🤖 AI Summary
This work addresses the high computational cost of adversarial training for large-scale Vision Transformers. To this end, it proposes Criticality-Aware Adversarial Training (CAAT), which, for the first time, integrates parameter criticality assessment with parameter-efficient fine-tuning (PEFT). CAAT adaptively identifies and fine-tunes only the approximately 6% of parameters most critical to robustness, substantially reducing computational overhead. Evaluated on three mainstream benchmarks, CAAT achieves competitive performance—sacrificing merely 4.3% in robust accuracy compared to standard adversarial training—while outperforming existing lightweight adversarial training methods. This approach enables scalable and efficient training of robust vision models without compromising significantly on adversarial robustness.
📝 Abstract
Vision Transformer (ViT) models have achieved remarkable performance across various vision tasks, with scalability being a key advantage when applied to large datasets. This scalability enables ViT models to exhibit strong generalization capabilities. However, as the number of parameters increases, the robustness of ViT models to adversarial examples does not scale proportionally. Adversarial training (AT), one of the most effective methods for enhancing robustness, typically requires fine-tuning the entire model, leading to prohibitively high computational costs, especially for large ViT architectures. In this paper, we aim to robustly fine-tune only a small subset of parameters to achieve robustness comparable to standard AT. To accomplish this, we introduce Criticality-Aware Adversarial Training (CAAT), a novel method that adaptively allocates resources to the most robustness-critical parameters, fine-tuning only selected modules. Specifically, CAAT efficiently identifies parameters that contribute most to adversarial robustness.

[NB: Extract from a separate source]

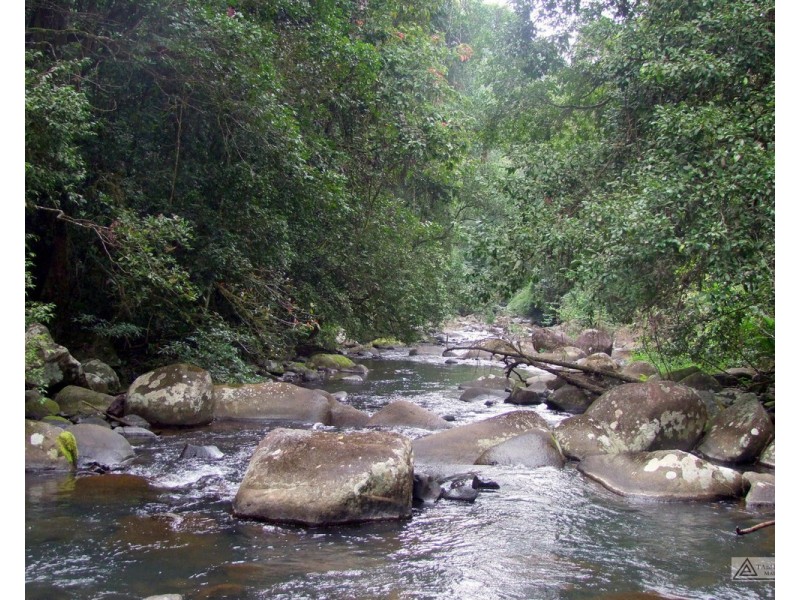 Millaa Millaa QLD 4886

It then leverages parameter-efficient fine-tuning (PEFT) to robustly adjust weight matrices where the number of critical parameters exceeds a predefined threshold. CAAT exhibits favorable generalization when scaled to larger vision transformer architectures, potentially paving the way for adversarial training at scale, e.g, compared with plain adversarial training, CAAT incurs only a 4.3% decrease in adversarial robustness while tuning approximately 6% of its parameters. Extensive experiments on three widely used adversarial learning datasets demonstrate that CAAT outperforms state-of-the-art lightweight AT methods with fewer trainable parameters.